Short web captions
========================================================================

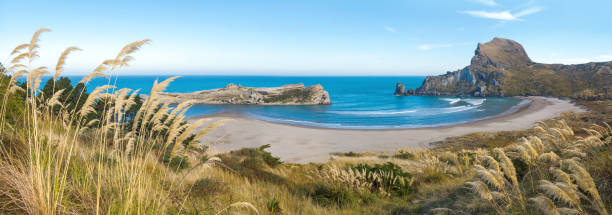 paisaje panorámico de la playa de castlepoint, isla norte, nueva zelanda - castlepoint fotografías e imágenes de stock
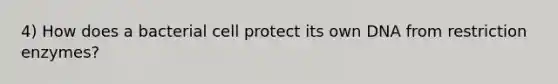 4) How does a bacterial cell protect its own DNA from restriction enzymes?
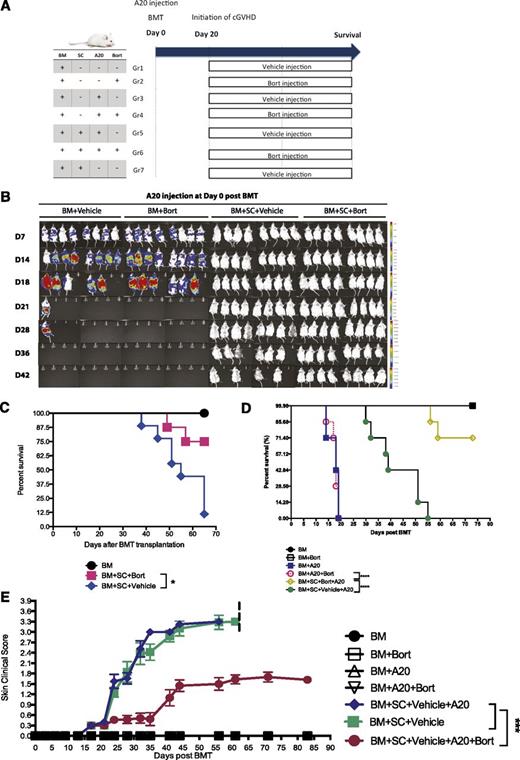 Figure 5. Bortezomib administration allows for maintenance of GVT effects while decreasing cGVHD skin lesions in A20 tumor models. Irradiated BALB/c mice were transplanted with bone marrow cells with or without spleen cells at day 0. Six hours later, A20 luciferase-transfected lymphoma cells (1 × 106) were injected through the tail vein into the indicated groups. Bortezomib was administered at day 20 and every 5 days thereafter. (A) Timeline schema for different conditions among groups. (B) Bioluminescent images were acquired to monitor tumor burdens. (C) Survival curves from experimentally treated groups in the cGVHD model. (D) Survival curves from different groups challenged by A20 tumor cell lines at day 0. (E) Skin clinical scores were evaluated twice a week. Data were collected from 1 experiment with 8 mice per group. The data are shown as mean ± SEM and analyzed by 2-way ANOVA with a Tukey post hoc test to compare between individual groups. Survival data were plotted by the Kaplan-Meier method and analyzed by the log-rank test. **P < .01, ***P < .001, and ****P < .0001 were considered significant.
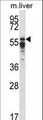 PPP2R5A Antibody - PPP2R5A Antibody western blot of mouse liver tissue lysates (35 ug/lane). The PPP2R5A antibody detected the PPP2R5A protein (arrow).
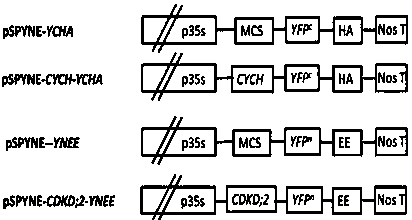 A method for the establishment of a high-efficiency onion transient expression system mediated by Agrobacterium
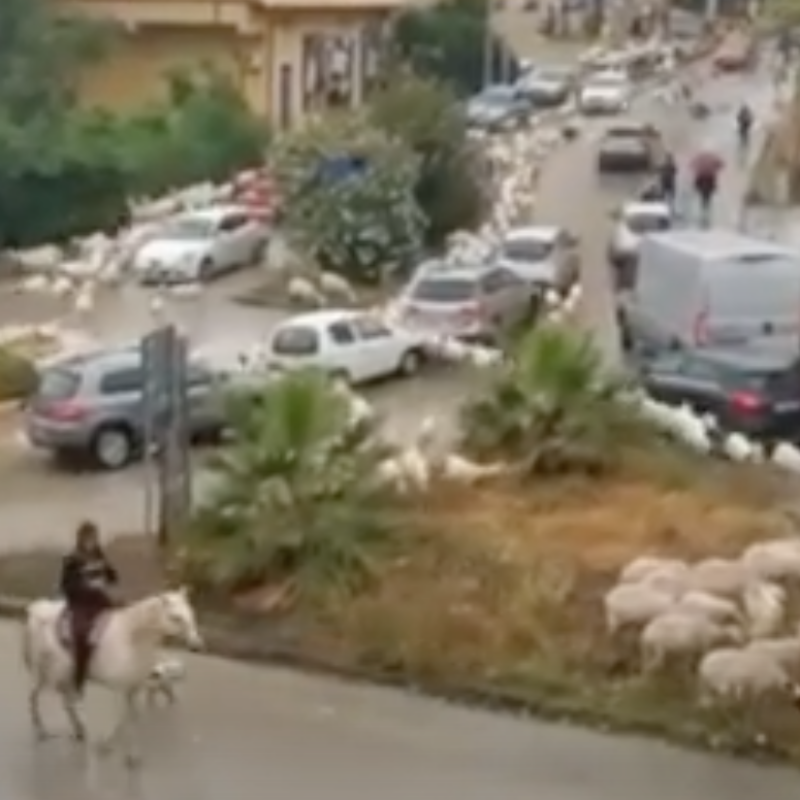 Gregge di pecore invade una strada ad Agrigento, traffico in tilt: il video sui social diventa virale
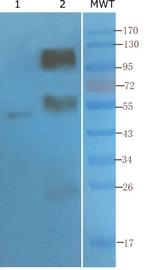 CD4 Antibody in Western Blot (WB)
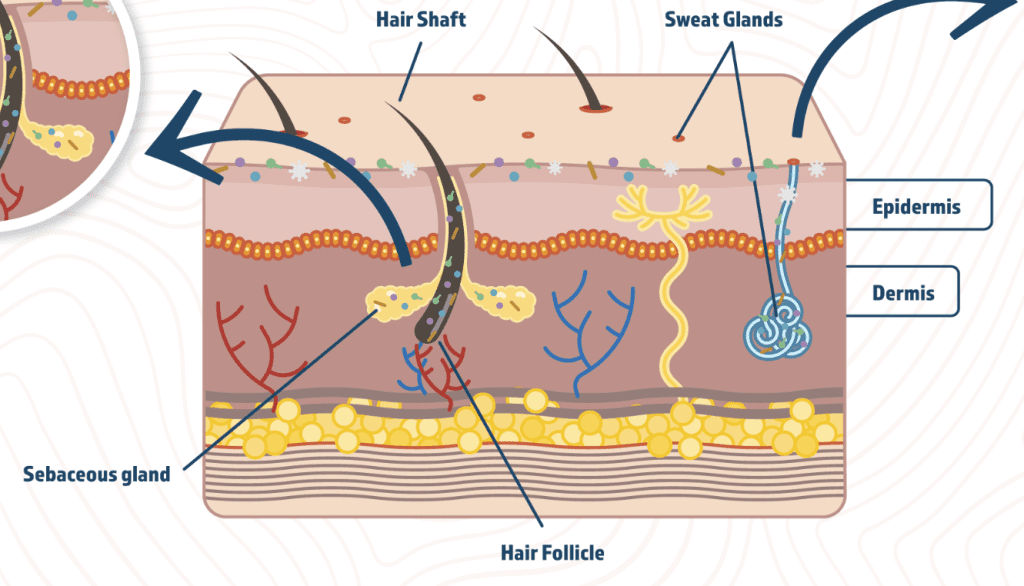Bacteria and Fungus Living on Our Skin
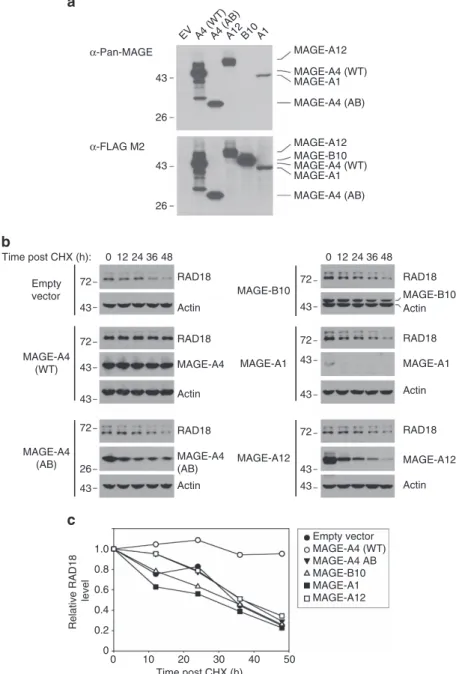 Figure 6 | Effect of MAGE family members on RAD18 stability. (a) 293T cells were transfected with expression vectors encoding FLAG-tagged forms of WT MAGE-A4, MAGE-A4 AB (see Fig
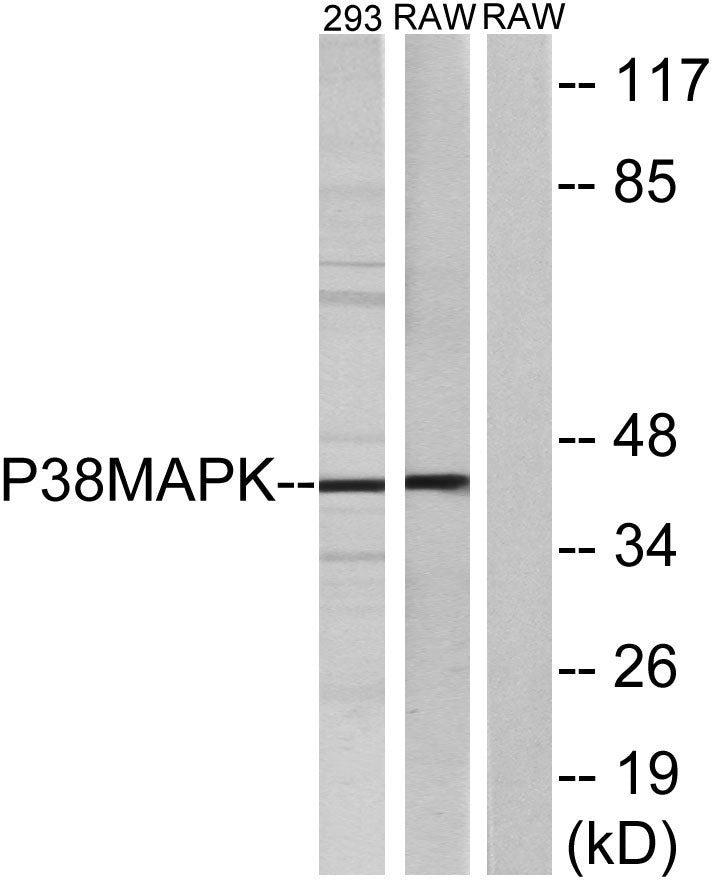 p38 Rabbit Polyclonal Antibody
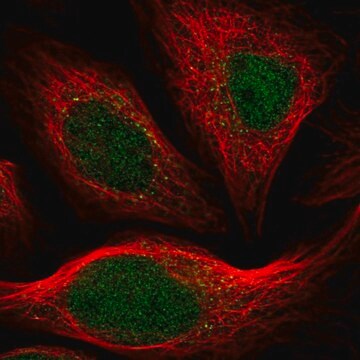 Anti-ARHGAP23 antibody produced in rabbit Prestige Antibodies&#174; Powered by Atlas Antibodies, affinity isolated antibody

========================================================================

* [THE PROBLEM]
All pictures are to be skipped; the lines from the first line of the records through the line containing "4) How does" are to be repeated exactly, both ends included.

* [SOLVED PROBLEM]
 paisaje panorámico de la playa de castlepoint, isla norte, nueva zelanda - castlepoint fotografías e imágenes de stock
 4) How does a bacterial cell protect its own DNA from restriction enzymes?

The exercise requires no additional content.